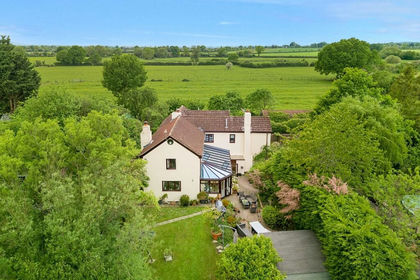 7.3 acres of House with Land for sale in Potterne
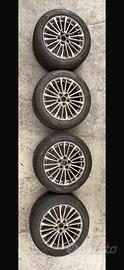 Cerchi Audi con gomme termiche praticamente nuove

++++

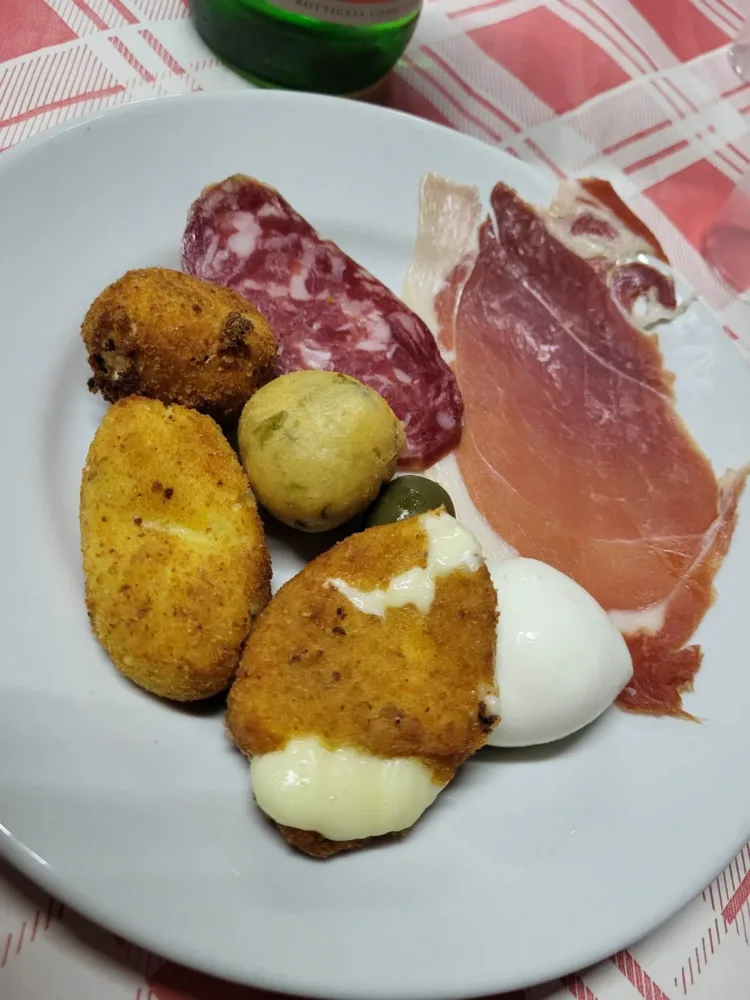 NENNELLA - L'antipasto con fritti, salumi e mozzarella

++++

## Task objective
From the material above, give again exactly the lines from the one that contains "7.3 acres of" through the one that contains "Cerchi Audi con", and leave out the pictures.

## Response to the exercise
 7.3 acres of House with Land for sale in Potterne
 Cerchi Audi con gomme termiche praticamente nuove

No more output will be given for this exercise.